Question: What is the difference between Yoga, Zen and Hinduism?Sri Chinmoy: The root was Hinduism. Then from Hinduism came Buddhism, and from Buddhism came Zen. Let us take Hinduism as the grandfather, Buddhism as the father and Zen as the son.
Let us think of Hinduism as an eternal religion, or we can take it as a form of self-discipline that will one day allow us to feel boundless joy, boundless peace, boundless love. When we think of Buddhism, immediately the compassion-aspect of reality comes forward into our mind. The world needs compassion badly. I show compassion to you, you show compassion to me and with our mutual compassion we live on earth. When I am in need of your compassion, you show me compassion; when you are in need of my compassion, I show you compassion. In this way we exist together. If we don’t show compassion to humanity, then we don’t exist.
When we come to Zen, what we need is awareness. We have to be fully, consciously and constantly aware of what we are doing, what we are seeing, what we are growing into. Zen requires constant, conscious awareness. If we are meditating, we are aware of it; if we are eating, we are aware of it; if we are talking to our friend, we are aware of it.
When we come to Yoga, we sing the song of oneness. Yoga is a Sanskrit word that means oneness. Yoga says that if we establish our oneness with something or someone, with an incident or an experience, then we get everything. If I am one with you, then I know what is happening inside your heart, inside your mind. If I am one with somebody else, them immediately I have a free access to him and I know what is happening in him. And if I can establish my oneness with an incident or experience, then I become part and parcel of that incident or experience in life.
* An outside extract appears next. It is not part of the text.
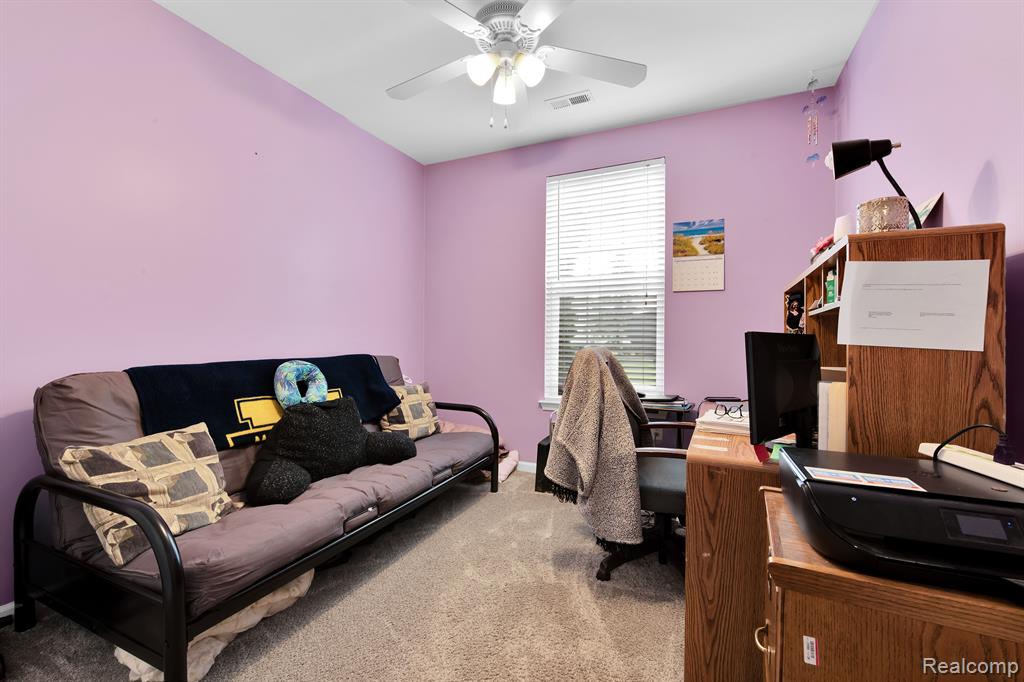 26604 KIRKWAY Circle, Woodhaven, MI 48183 — Photo 16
At the highest point in Zen there is something called satori or illumination. If once you are illumined, then there is nothing and no one on earth with which or with whom you cannot establish your oneness. Before illumination there is darkness on one side and light on the other side. This side of the sea is darkness, the other side is light and you are in between. But if you go and take shelter in illumination, then your own inner effulgence envelops and encompasses the whole world.
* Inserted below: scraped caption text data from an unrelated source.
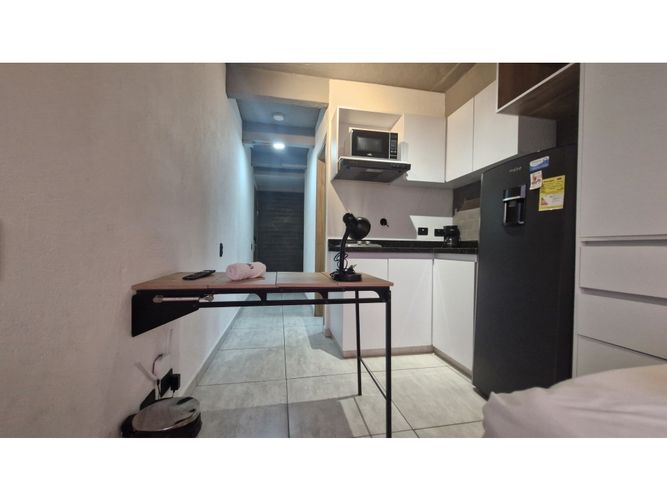 Apartaestudio en arriendo en Miraflores, Medellín, 2000 m² · foto 3 de 17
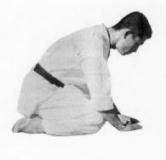 Za-rei kneeling bow in Seiza demonstrated by Aoki Sensei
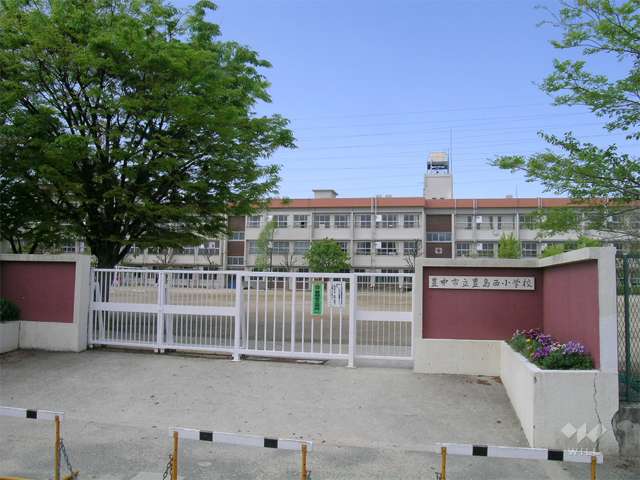 豊島西小学校の写真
Before illumination takes place, you are in ignorance and you feel that the world is in ignorance. But once illumination takes place, which is called satori in Zen, you become one with the Vision of the Absolute. At that time, you live in silence-life, you live in sound-life, but everywhere is illumination and you grow into this illumination. Once you are illumined, you are freed from the meshes of ignorance. For millennia you lived in ignorance, but once illumination has taken place, then there is no ignorance in you at all. This room is dark, but then an electrician brings in some light. For days and months and years this room has remained unlit, unillumined, dark, but then the electrician comes and the room is illumined. So the greatest gift of Zen is illumination: the highest illumination, all-illumining illumination, all-fulfilling illumination.
Yoga’s greatest contribution is not only illumination, but also perfection in our constant oneness with what God has offered to us, what God is going to give us and what God Himself is. If somebody is suffering, then Yoga becomes totally, inseparably one with that sufferer. If somebody is in the seventh heaven of delight, then Yoga becomes one with him in the seventh heaven of delight. Illumination, on the other hand, is a process, a regular process in which we come out from ignorance-night and enter into wisdom-light. Once we grow into wisdom-light, then we are totally freed from bondage, from limitation, from imperfection, from so-called death.
If we follow the path of Zen, then we go from ignorance to illumination: and when our whole consciousness is illumined, we derive boundless satisfaction. If we follow the path of Yoga, then on the strength of our identification we feel that we are that which we want and we actually become that thing. So Yoga is oneness and perfection, whereas Zen is illumination and liberation.